La Russia ritiene lesivo della sua sicurezza qualsiasi mutamento geopolitico dello status quo attuale che non sia ad essa esplicitamente favorevole. La traduzione del concetto è nell’idea che sostanzialmente bisognerebbe ricreare una divisione dell’Europa in sfere d’influenza, una occidentale e una russa. Ovviamente un’ipotesi non accettabile per Bruxelles ma sufficiente per preoccupare fortemente i Paesi baltici, che – come già scritto su queste pagine – potrebbero abbastanza facilmente venire isolati attraverso l’occupazione del Suwalki gap, il corto corridoio che divide Polonia e Lituania lungo l’asse latitudinale fra l’enclave russa di Kaliningrad e la Bielorussia.

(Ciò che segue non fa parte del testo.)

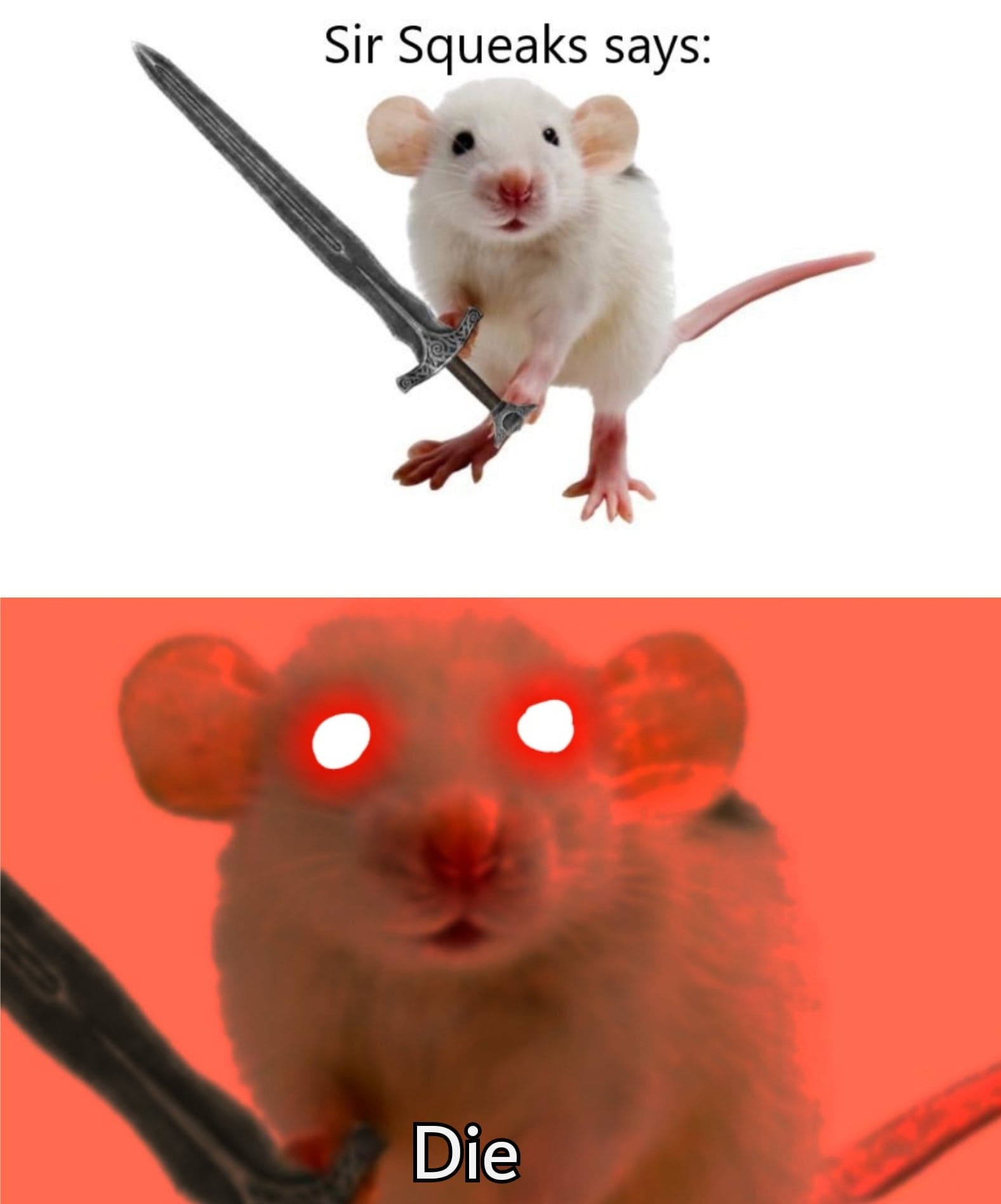 Sir Squeaks sword rat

La situazione si sta dunque incartando: Putin esige che l’occidente non allarghi ulteriormente la propria sfera d’influenza e anzi in un qualche modo vorrebbe che i paesi già appartenenti al vecchio Patto di Varsavia non transitati in questi 30 anni a quello Atlantico tornassero sotto l’orbita di Mosca. L’occidente non può da parte sua tollerare in alcun modo il concetto secondo il quale una nazione libera non potrebbe decidere autonomamente le sue alleanze.
Così il Consiglio NATO – Russia della settimana scorsa non ha prodotto nulla, se non una recrudescenza dei toni bellicosi, fortunatamente solo verbali. Resta però la presenza massima di soldati e armamenti sul confine ucraino, che Stoltenberg ha una volta di più denunciato specificando però che, non essendo l’Ucraina membro del Patto Atlantico, per essa non è applicabile il famoso articolo 5 e quindi di fronte al precipitare degli eventi (ovvero la possibile invasione da parte russa) le sanzioni sarebbero sì durissime ma non vi sarebbe una risposta militare.
Putin non vuole invadere l’Ucraina, e neppure i Paesi baltici (anche se lo farebbe volentieri, potendo). Vuole però mettere in chiaro che oltre dove è già arrivata la NATO non può estendersi. Questa è la linea rossa. Invalicabile. Un punto che è divenuto quasi un’ossessione per l’uomo del Cremlino. Coerente peraltro con quanto da lui sempre pensato, e cioè che il crollo dell’Unione Sovietica sia stato un evento catastrofico per la Russia. Una Russia che ora deve riprendere un suo spazio nel mondo. Nel continente europeo. Ma pure nel Mediterraneo (come si è visto con gli interventi operati in Siria e in Libia). E senz’altro anche a oriente, in quella vastissima regione un tempo appartenenti all’URSS e oggi divisa in tanti, troppi Stati. Dei quali il Kazakistan è il più importante, per dimensioni, per ricchezze del sottosuolo, per posizionamento geografico avendo migliaia di chilometri di confine con la Cina.
Forse non è – come in molti sostengono – la visione di una rinnovata presenza imperiale, ma di certo si tratta di una visione e di un’ambizione lucide: Mosca nuovamente grande protagonista sulla sua scena globale. Americani ed europei dovranno tenerne conto; è come se Putin li avvertisse, dicendo loro “occhio, non c’è solo la Cina. Ci siamo pure noi”.